ComplianceSphere

FREEMIUM
By ComplianceSphere | Updated un mese fa | Finance
Health Check

0%

README

Understanding ComplianceSphere data

Our data model provides a domain-specific language to describe people, companies, and the relationships between them.

ComplianceSphere collects data about political and economic influence and conflict. To correctly describe these real-world structures and their associated risks, we use a data model focused on the notion of entities.

Entities have various properties, denoting - for example - their name, creation date, and association with one or more countries. They can also use properties to reference other entities, e.g. a Passport entity will link to its holder. Some relationships are - in turn - entities: a Person can be linked to a Company via an Ownership entity, which might document further details, like the period and ownership percentage.

Using the matching API to build a screening process

Screening checks are a different challenge to normal text searches: your query is supposed to describe a person or company in some detail to allow the ComplianceSphere API to check if that entity (or a similar one) is flagged.

Step 1: Speak the language

Let’s say, for example, that you have a customers dataset that specifies the name, birth date, nationality and perhaps a national ID number for each person you want to check.

The first step would then be to implement a piece of code format in each of these entries that conforms with the entity format used by ComplianceSphere, assigning each of the columns in your source data to one of the fields specified in the data dictionary (This, of course, works not just for people, but also companies, vessels, even crypto wallets).

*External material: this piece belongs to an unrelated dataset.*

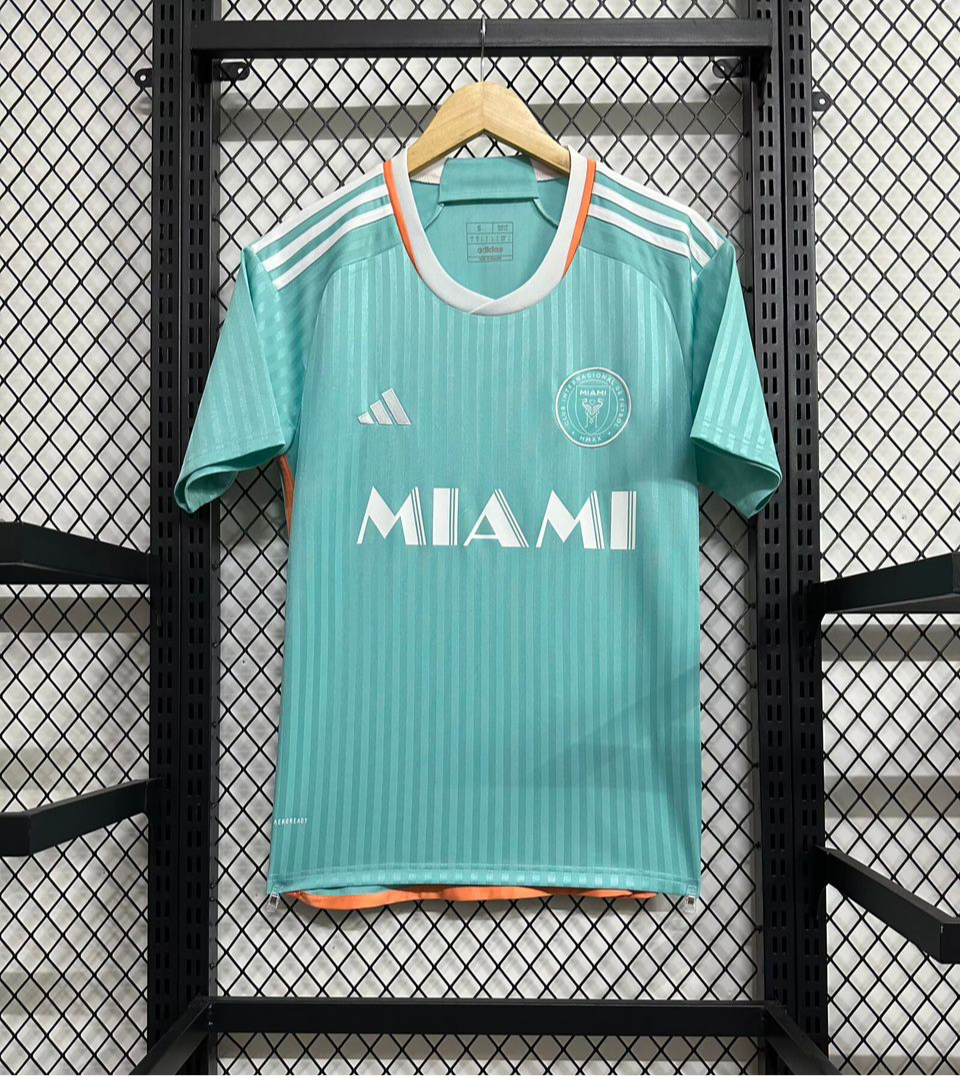 Camiseta Inter Miami Tercera 24/25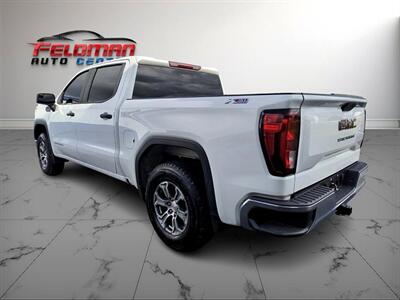 2021 GMC Sierra 1500 X31 Offroad   - Photo 3 - Greensburg, IN 47240-9353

Here’s an example entity in JSON format:

{
    "schema": "Person",
    "properties": {
        "name": ["Arkadiii Romanovich Rotenberg", "Ротенберг Аркадий"],
        "birthDate": ["1951"],
        "nationality": ["Russia"],
    }
}

A few things to note:

The schema defines the type of entities to match this example against. Of course, the schema could also be Company, or a LegalEntity (a more general entity type that matches both people and companies!).
You can specify a list of property values, rather than a single value - for example, different variations of the name, or different addresses and identification numbers.
The API internally uses standardised formats for country codes, dates, phone numbers etc., but you can just supply a country name and the API will attempt to identify the correct country code (in this case: ru) for the entity.
Generating this JSON form of your records should be a simple exercise. Do not worry too much about details like whether a country name should live in the country or jurisdiction properties: the matching happens by data type (in this case: country), not precise field name.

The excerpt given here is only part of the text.